Author: V. Gopala Gowda
Bench: V. Gopala Gowda
ORDER
1. In all these writ petitions the petitioner is BPL Group of Companies Karmikara Sangh, first respondent is the State Government, respondent 2 is the Commissioner of Labour, respondent 3 is the Assistant Labour Commissioner and Conciliation Officer and the 4th respondent is the management of various units of the company. The petitioner is aggrieved by the prohibition of strike by the workers of 4th respondent under Annexure-A and the order of reference at Annexure-B referring the industrial disputes raised by the petitioner-Union for adjudication. The petitioner is aggrieved by the order of reference on the ground that all the points of dispute raised by it have not been referred by the Government. Hence, the common prayers in all these writ petitions is to declare the impugned orders at Annexures-A and B as illegal, arbitrary and unjust, to direct the first respondent to refer all the points of dispute by issuance of a fresh order of reference and to grant interim relief under Section 10-B of the Industrial Disputes Act, 1947 (Karnataka Amendment) Act, 1988 (hereinafter referred to as 'the Act').
2. Since the facts are common, the parties are common except the 4th respondent, the law involved is same and the reliefs sought for are identical, all these writ petitions were heard together and disposed of by this common order.
3. The facts leading to the present writ petitions are that the petitioner-Union submitted charter of demands to the management of 4th respondent seeking better service conditions to the workmen. As the demands were not fulfilled and the managements of 4th respondent did not came forward to resolve the claims, the petitioner-Union gave a call for strike and the strike was continued demanding implementation of the demands. Various allegations are made in the writ petitions against the 4th respondent managements and they are not necessary for the disposal of these writ petitions. Ultimately, the disputes raised by the petitioner-Union were referred for adjudication by the impugned orders at Annexure-B and the strike was prohibited. In those circumstances the petitioner-Union has approached this Court seeking the reliefs referred to above.

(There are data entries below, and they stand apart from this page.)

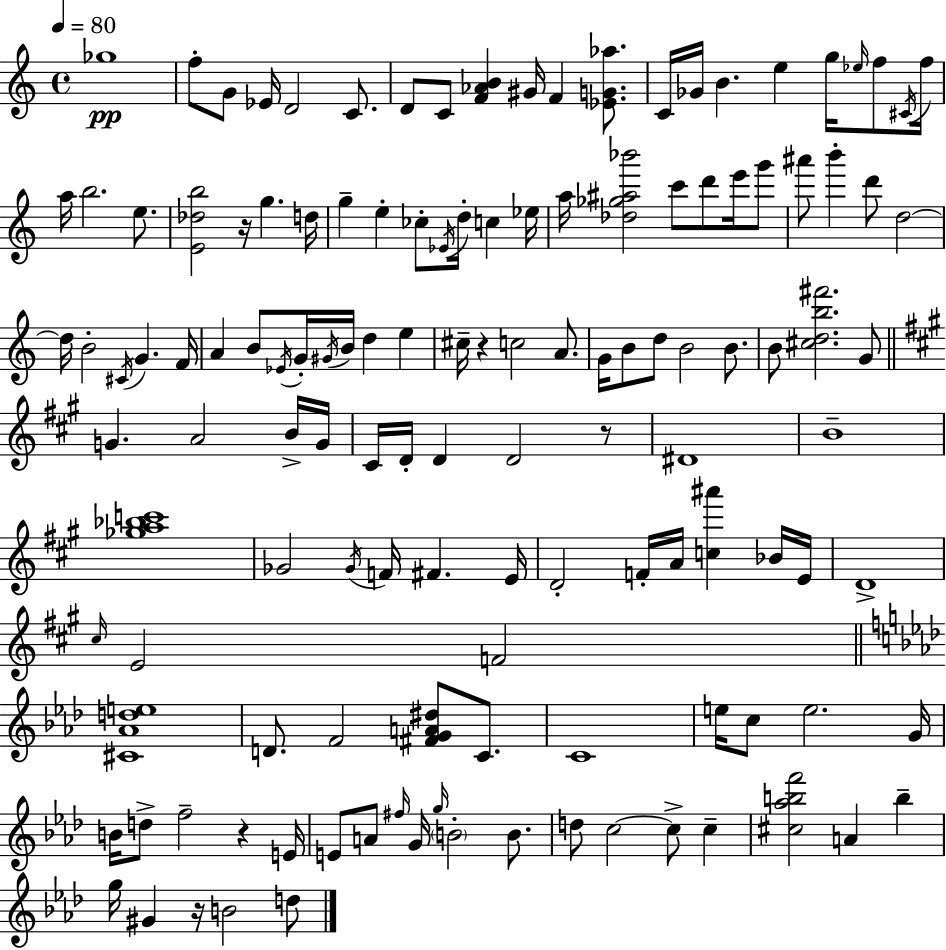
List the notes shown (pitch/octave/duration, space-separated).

Gb5/w F5/e G4/e Eb4/s D4/h C4/e. D4/e C4/e [F4,Ab4,B4]/q G#4/s F4/q [Eb4,G4,Ab5]/e. C4/s Gb4/s B4/q. E5/q G5/s Eb5/s F5/e C#4/s F5/s A5/s B5/h. E5/e. [E4,Db5,B5]/h R/s G5/q. D5/s G5/q E5/q CES5/e Eb4/s D5/s C5/q Eb5/s A5/s [Db5,Gb5,A#5,Bb6]/h C6/e D6/e E6/s G6/e A#6/e B6/q D6/e D5/h D5/s B4/h C#4/s G4/q. F4/s A4/q B4/e Eb4/s G4/s G#4/s B4/s D5/q E5/q C#5/s R/q C5/h A4/e. G4/s B4/e D5/e B4/h B4/e. B4/e [C#5,D5,B5,F#6]/h. G4/e G4/q. A4/h B4/s G4/s C#4/s D4/s D4/q D4/h R/e D#4/w B4/w [Gb5,A5,Bb5,C6]/w Gb4/h Gb4/s F4/s F#4/q. E4/s D4/h F4/s A4/s [C5,A#6]/q Bb4/s E4/s D4/w C#5/s E4/h F4/h [C#4,Ab4,D5,E5]/w D4/e. F4/h [F#4,G4,A4,D#5]/e C4/e. C4/w E5/s C5/e E5/h. G4/s B4/s D5/e F5/h R/q E4/s E4/e A4/e F#5/s G4/s G5/s B4/h B4/e. D5/e C5/h C5/e C5/q [C#5,Ab5,B5,F6]/h A4/q B5/q G5/s G#4/q R/s B4/h D5/e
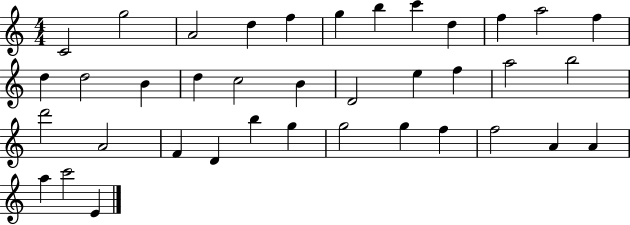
X:1
T:Untitled
M:4/4
L:1/4
K:C
C2 g2 A2 d f g b c' d f a2 f d d2 B d c2 B D2 e f a2 b2 d'2 A2 F D b g g2 g f f2 A A a c'2 E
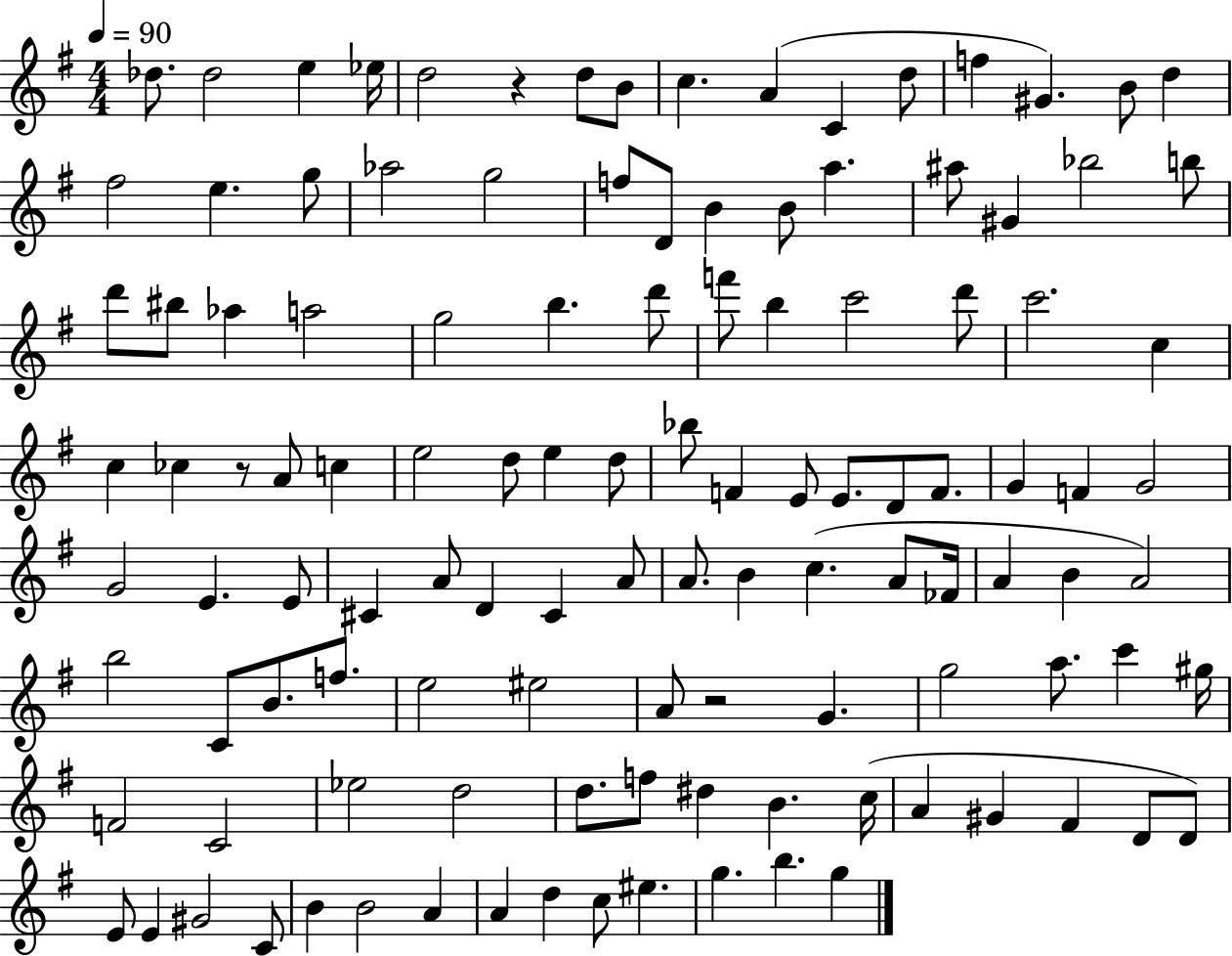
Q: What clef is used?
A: treble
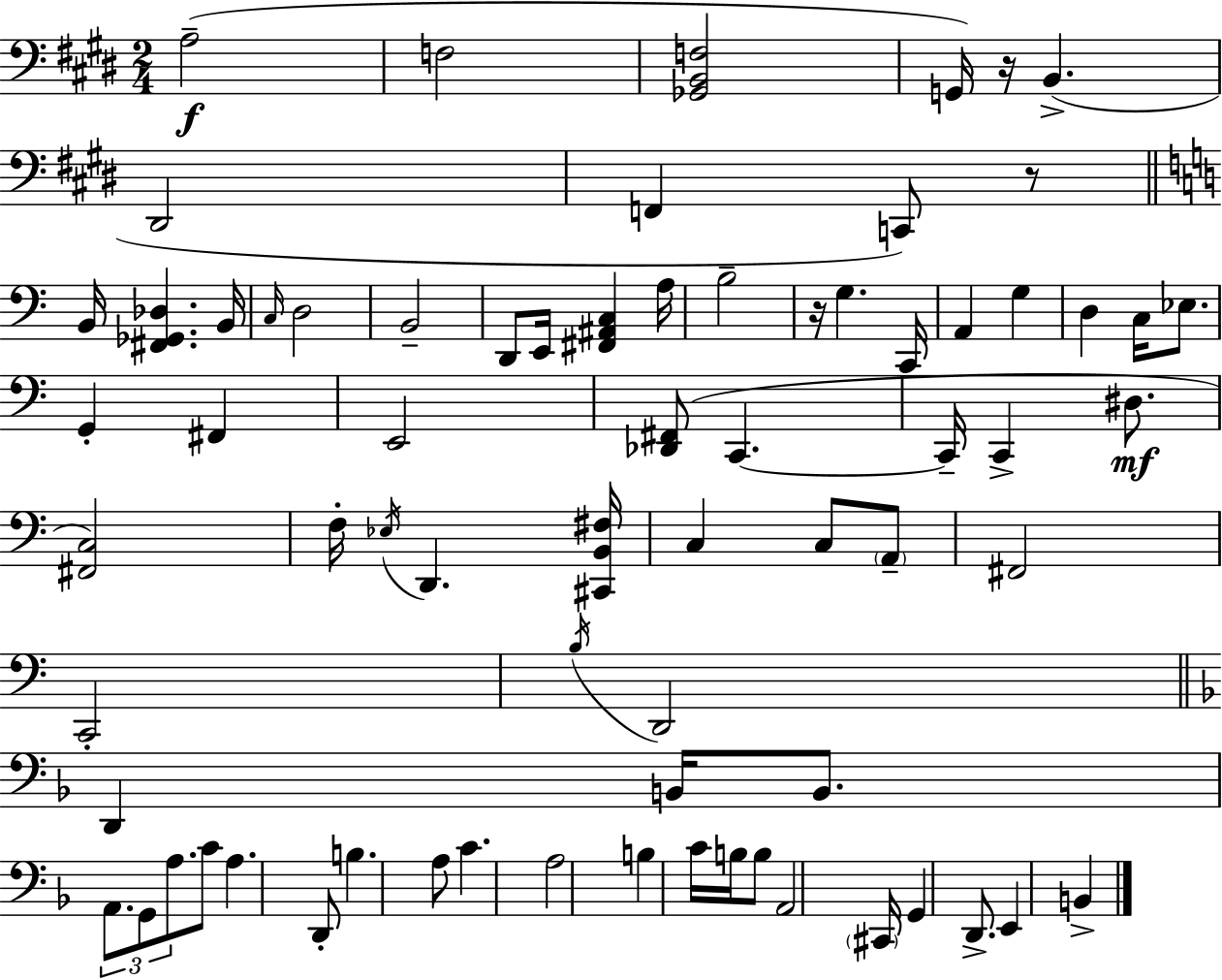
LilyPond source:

{
  \clef bass
  \numericTimeSignature
  \time 2/4
  \key e \major
  a2--(\f | f2 | <ges, b, f>2 | g,16) r16 b,4.->( | \break dis,2 | f,4 c,8) r8 | \bar "||" \break \key a \minor b,16 <fis, ges, des>4. b,16 | \grace { c16 } d2 | b,2-- | d,8 e,16 <fis, ais, c>4 | \break a16 b2-- | r16 g4. | c,16 a,4 g4 | d4 c16 ees8. | \break g,4-. fis,4 | e,2 | <des, fis,>8( c,4.~~ | c,16-- c,4-> dis8.\mf | \break <fis, c>2) | f16-. \acciaccatura { ees16 } d,4. | <cis, b, fis>16 c4 c8 | \parenthesize a,8-- fis,2 | \break c,2-. | \acciaccatura { b16 } d,2 | \bar "||" \break \key f \major d,4 b,16 b,8. | \tuplet 3/2 { a,8. g,8 a8. } | c'8 a4. | d,8-. b4. | \break a8 c'4. | a2 | b4 c'16 b16 b8 | a,2 | \break \parenthesize cis,16 g,4 d,8.-> | e,4 b,4-> | \bar "|."
}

4. Mr. Anantharam, learned Counsel for the petitioner-Union submits that the Government should have referred all the points of dispute for adjudication. He submits that some of the disputes relating to lay-off, suspension, termination, justification of strike etc., have not at all been referred for adjudication. He therefore submits that the exercise of power by the Government is in contravention of the law laid down by the Supreme Court in the case of Delhi Administration v Workmen of Edward Keuenters and Another . In connection with the prohibition of strike, Mr. Anantharam placed reliance on the decision in Metal Box India Limited v State of Tamil Nadu, and submits that while exercising the power under Section 10(3) of the Act, it is not mentioned that the prohibition of strike was for maintaining industrial peace and therefore the order prohibiting the strike is bad in law. The ground urged for attacking the impugned orders at Annexure-B is that the Government has not granted interim relief under Section 10-B of the Act and thereby the Government has failed to exercise the power under Section 10-B of the Act. Reliance is placed on the decision reported in AIR 1959 SC 1344 (sic), in this regard.
5. A detailed statement of objection is filed on behalf of the 4th respondent in all these writ petitions traversing various contentions and denying the allegations made against the 4th respondent and seeking to justify the impugned orders. Mr. K. Kasturi, learned Counsel for the 4th respondent, vehemently submitted that the power under Section 10-B of the Act has been properly exercised by the Government on the basis of the report submitted by the Conciliation Officer and hence, the reference made is proper. The Counsel submits that the Government did not grant interim relief having regard to the revision of wages made by the 4th respondent during May and July, 1997 and that was the relevant consideration which weighed the mind of the Government for not granting the interim relief. As regards the order of reference, the Counsel submits that substantial points of dispute agitated before the Conciliation Officer had been taken into consideration, points were formulated and the disputes were referred and merely because some of the points of disputes are not referred for adjudication, the same will not vitiate the entire action of the State Government in prohibiting the strike and making the orders of reference. Mr. Kasturi also placed reliance on the decision relied upon by Mr. Anantharam in the case of Delhi Administration cited supra and submitted that in case only one point of dispute was referred for adjudication but in the instant cases all the points of dispute except a few have been referred and therefore the said decision has no application to the facts of the instant cases. The Counsel submits that this Court should not exercise its power under Article 226 of the Constitution to interfere with the impugned orders unless it is shown that what have been referred for adjudication are not industrial disputes. The Counsel for the management prays for dismissal of the writ petitions.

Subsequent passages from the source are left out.